A key component of an XForms processor is the dependency-engine. The idea is pretty straightforward, and will be familiar to anyone who has used a spreadsheet; if some item has its value set by a calculated expression that contains references to other items, then when any of those items change, the first item must be recalculated. It's not necessary to understand the dependency-engine when programming XForms, but having some familiarity with how it works may help when structuring forms.

To illustrate its use, let's take an instance that has two values which are summed to produce a third, and if the sum is greater than 10, the value is said to be invalid:

<xf:instance>
  <instanceData xmlns="">
    <a>4</a>
    <b>5</b>
    <c />
  </instanceData>
</xf:instance>

<xf:bind nodeset="c" calculate="../a + ../b" constraint=". &lt;= 10" />

Our calculate instruction says simply that the value of c is the result of summing a and b, which means that every time either a or b changes we want the calculation to be carried out again. Similarly, since the constraint is based on the value of c itself, then if it changes we need to perform the validity check again. This set of dependencies--the first saying that the value of c is dependent on the values of a and b, and the second saying that the validity of c is dependent on the value of c--is easy to create by parsing the XPath expressions in the bind statements. And once created, processing can be quite fast, since it is now possible to only perform calculations that are required by changes in the data.

Rebuild

By working out the dependencies between data items, it is possible to reduce the number of calculations to only those that are implied by some data change. However, if the structure of the data changes, then the whole set of dependencies needs to be recalculated. This process is called a rebuild and involves reevaluating all XPath expressions used in a particular model.

To see why this is necessary, imagine a slightly more complex model than the one we had above, where we have rows in an invoice, and each row has a 'total price' that is calculated by multiplying the number of items purchased by the individual item's selling price:

<xf:instance>
  <invoice xmlns="">
    <item sku="1223">
      <units>2</units>
      <price>6.99</price>
      <total />
    </item>
    <item sku="776">
      <units>5</units>
      <price>12.99</price>
      <total />
    </item>
  </invoice>
</xf:instance>

<xf:bind nodeset="item/total" calculate="../units * ../price" />

Since an XPath expression like "x/y" will select any y element that is a child of an x element, then this simple bind statement causes the XForms processor to create dependencies across all of the total elements; it's as if we had authored the following statements by hand:

<xf:bind nodeset="item[1]/total[1]" calculate="../units * ../price" />
<xf:bind nodeset="item[2]/total[1]" calculate="../units * ../price" />

But there is a big advantage with using the "item/total" technique, which is that if the data is updated in such a way that the number of rows changes, then the processor will automatically create a new set of dependencies. For example, if the user clicks some button to create a new item in the invoice, a new calculation will be automatically added for the new total node, and the effect would be the same as if we had explicitly written the following:

<xf:bind nodeset="item[1]/total[1]" calculate="../units * ../price" />
<xf:bind nodeset="item[2]/total[1]" calculate="../units * ../price" />
<xf:bind nodeset="item[3]/total[1]" calculate="../units * ../price" />

The process responsible for adding this calculation is rebuild.

When do rebuilds happen?

It is only necessary to reconstuct the dependencies when the structure of the instance data in a model changes. This would be when new nodes are added (using insert) or deleted (using delete), or when some instance data is entirely replaced (using submission with @replace="instance" or reset). In all of these situations the rebuild is automatic.

Improving performance

Although rebuild happens automatically, once you know what will trigger it, you can look at ways of reducing its impact on performance.

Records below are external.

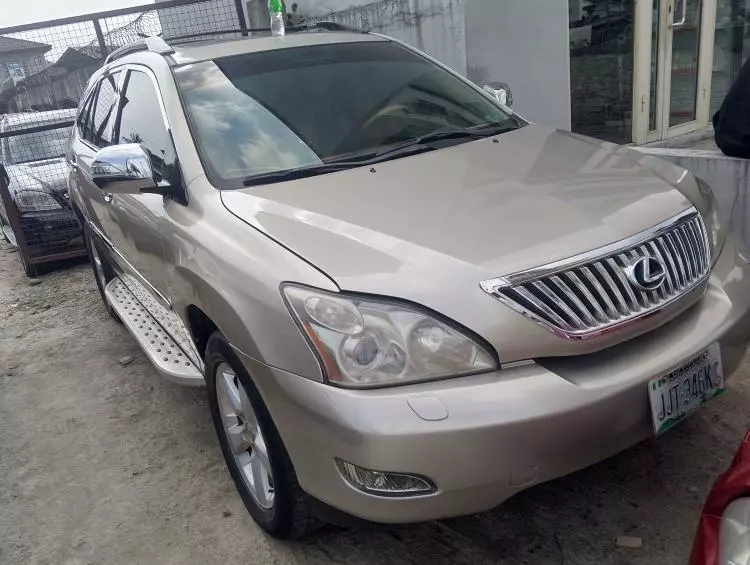 Lexus RX 350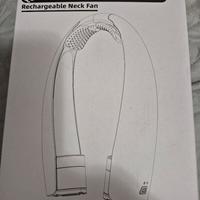ventilatore da collo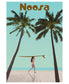 Postcard Noosa Sum Palm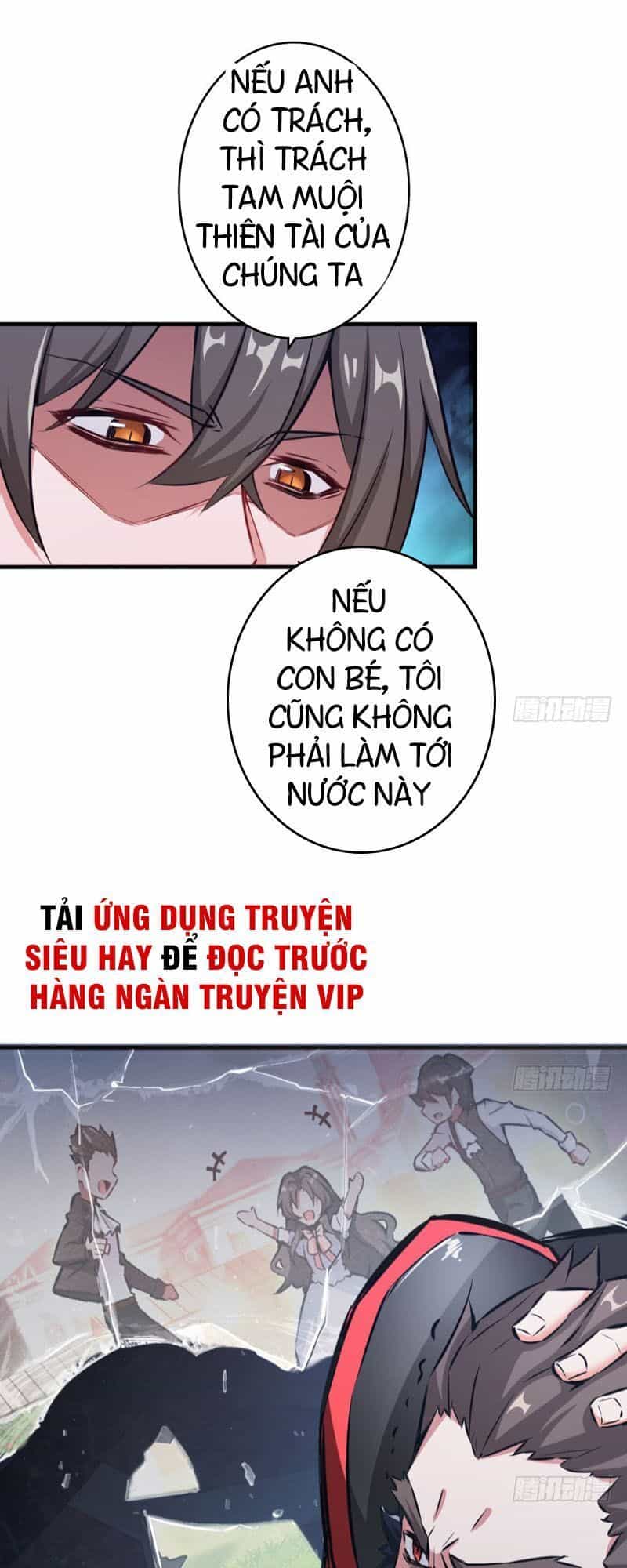 Thả Vu Nữ Đó Ra - Chương 34 - ảnh 30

Since the process of rebuilding applies to an entire model, it is a good idea to avoid putting unrelated instances into the same model, unless there are no bind statements (and so nothing for rebuild to do). For example, if in our invoice we had an additional instance that is used to retrieve and update customer details, it would be a good idea to place this in a separate model. Otherwise, every time the user requests customer information from the server, the dependency engine would parse all of the XPath expressions for the invoice, updating the dependencies.

An example

Let's return to the simpler instance that we saw before:

<xf:instance>
  <instanceData xmlns="">
    <a>10</a>
    <b>10</b>
    <c />
    <d />
  </instanceData>
</xf:instance>

<xf:bind nodeset="c" calculate="../a * ../b" constraint=". &lt;= 100" />
<xf:bind nodeset="d" calculate="../a + ../b" constraint=". &lt;= 20" />

This gives us four calculations in our dependency graph:

Target Type Expression
c[1] calculate a[1] * b[1]
c[1] constraint c[1] <= 100
d[1] calculate a[1] + b[1]
d[1] constraint d[1] <= 20

as well as the following dependencies:

Node Dependents
a[1] c[1], d[1]
b[1] c[1], d[1]
c[1] c[1]'s constraint
d[1] d[1]'s constraint

We've used the '[]' syntax to convey the idea that if our instance data had more nodes--just as we saw in the invoice example, previously--then these XPath expressions would yield more dependencies.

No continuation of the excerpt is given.